Clearwire continues review of Dish offer
NEW YORK (Reuters) - Clearwire Corp CLWR.O said it was still evaluating an acquisition offer from Dish Network Corp (DISH.O: Quote) for $3.30 per share but hasn't changed its recommendation of a Sprint Nextel Corp (S.N: Quote) buyout offer it agreed to in December.
Clearwire, which is majority owned by Sprint, said Friday it would not draw on an $80-million financing offer from Sprint in February as it was still evaluating the offer from satellite television provider Dish, which said it would withdraw its proposal if Clearwire avails of the Sprint financing.

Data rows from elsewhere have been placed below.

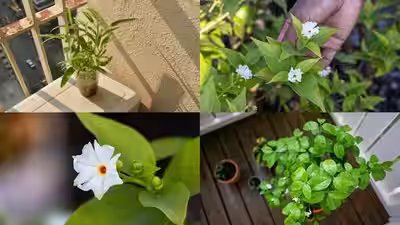 How to grow parijat in a pot on a small balcony: A simple step-by-step guide to fragrant night-blooming flowers at home | How to grow parijat in a pot on a small balcony: A simple step-by-step guide to fragrant night-blooming flowers at home |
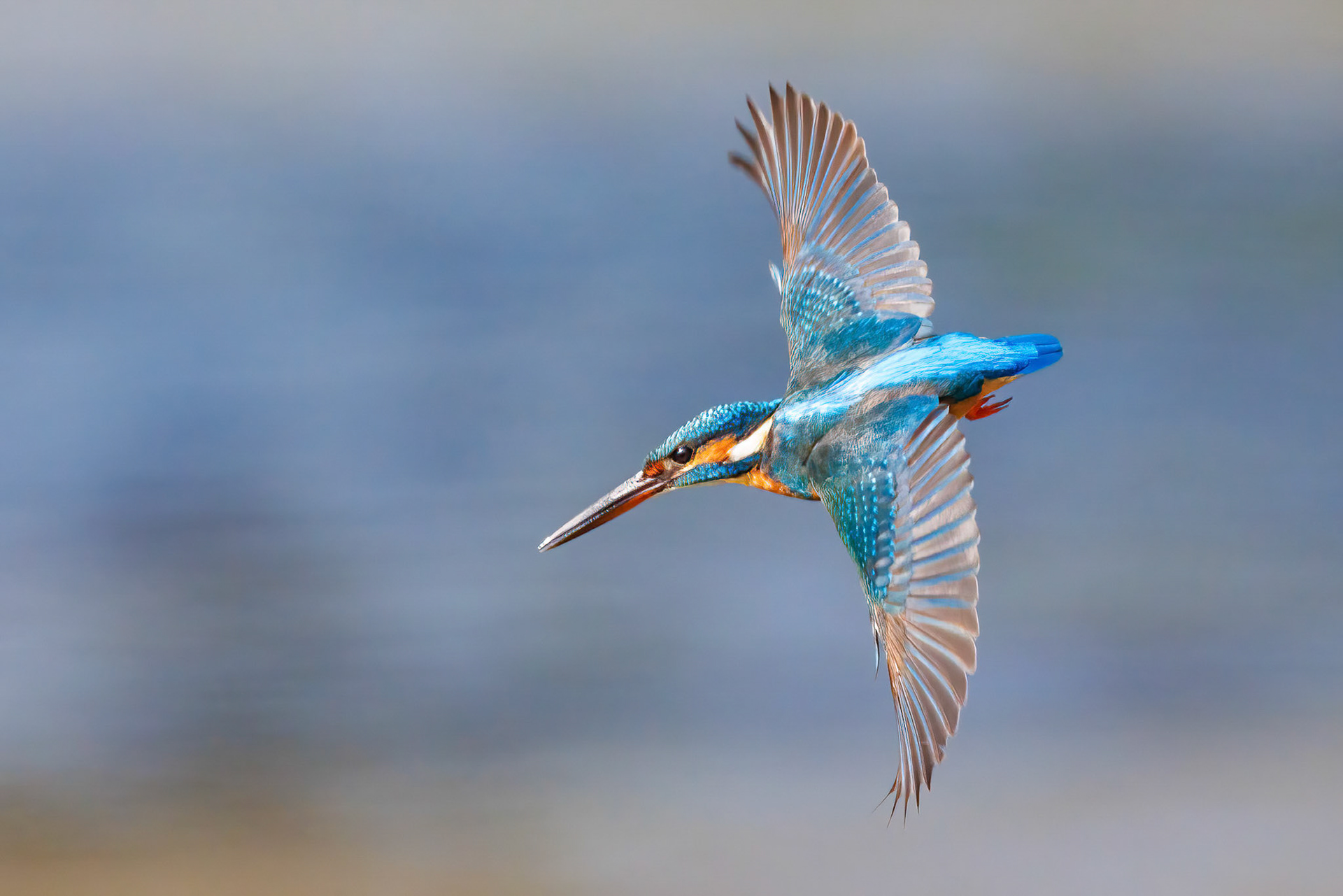 Common Kingfisher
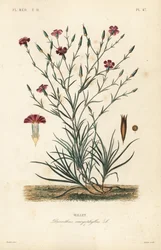 Carnation or clove pink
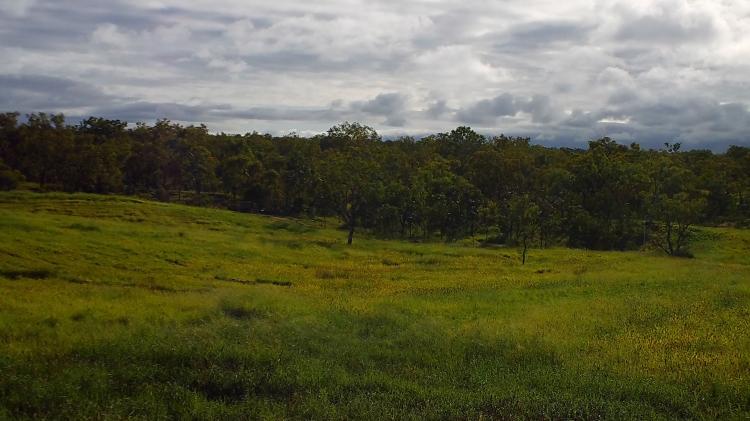 NRM Gully after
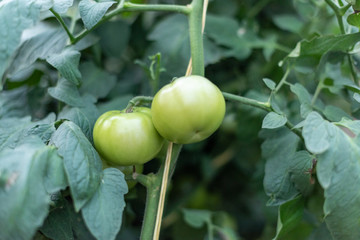 A closer look at fresh green tomatoes growing in a garden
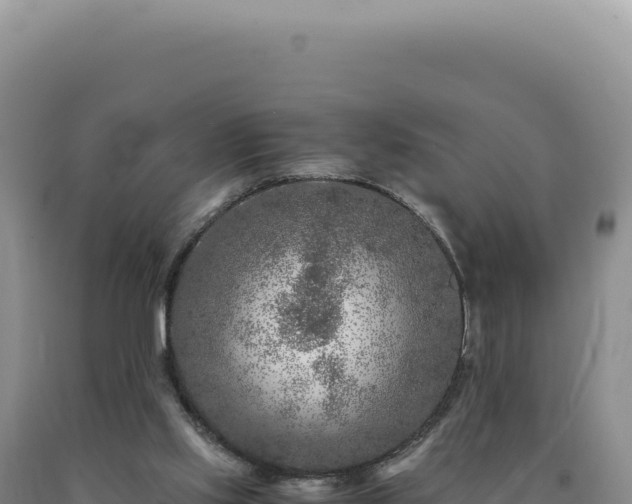 X0000090760061200707271515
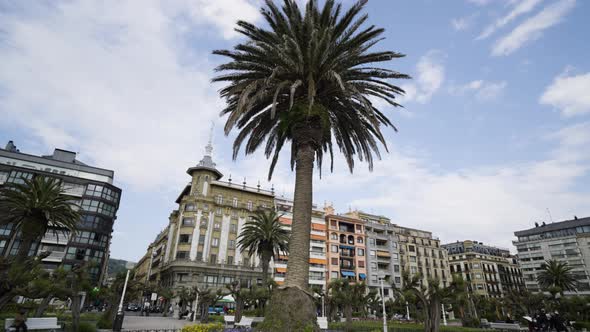 Huge exotic palm tree in downtown San Sebastian, Spain. Gimbal orbit shot alt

The wireless service provider, which already declined Sprint financing in January for the same reason, said it had not decided whether it will draw on the Sprint financing in the coming months. As part of its buyout proposal, Sprint said it would buy $80 million of convertible notes per month for up to 10 months.
Clearwire's continued review of the Dish offer may give hope to minority shareholders who have said they are unhappy with Sprint's $2.97-a-share agreement to buy out Clearwire, especially in light of Dish's higher offer in January.
Sprint needs approval from a majority of Clearwire's minority shareholders for its proposed deal.
While Clearwire also issued a proxy statement on Friday recommending that shareholders vote in favor of the Sprint deal, the company, which had a deadline to make the filing, made it clear this may not be its final decision.
Sprint said on Friday it was pleased that Clearwire was still recommending its deal.
"We continue to believe that the DISH proposal is illusory and conditioned on many things, including the receipt of governance rights, a spectrum sale and a commercial agreement which are not actionable under our merger agreement and other agreements between Clearwire and Sprint," Sprint said.
Clearwire shares fell slightly to $3.16 in light premarket trading Friday after closing at $3.18 on Nasdaq Thursday.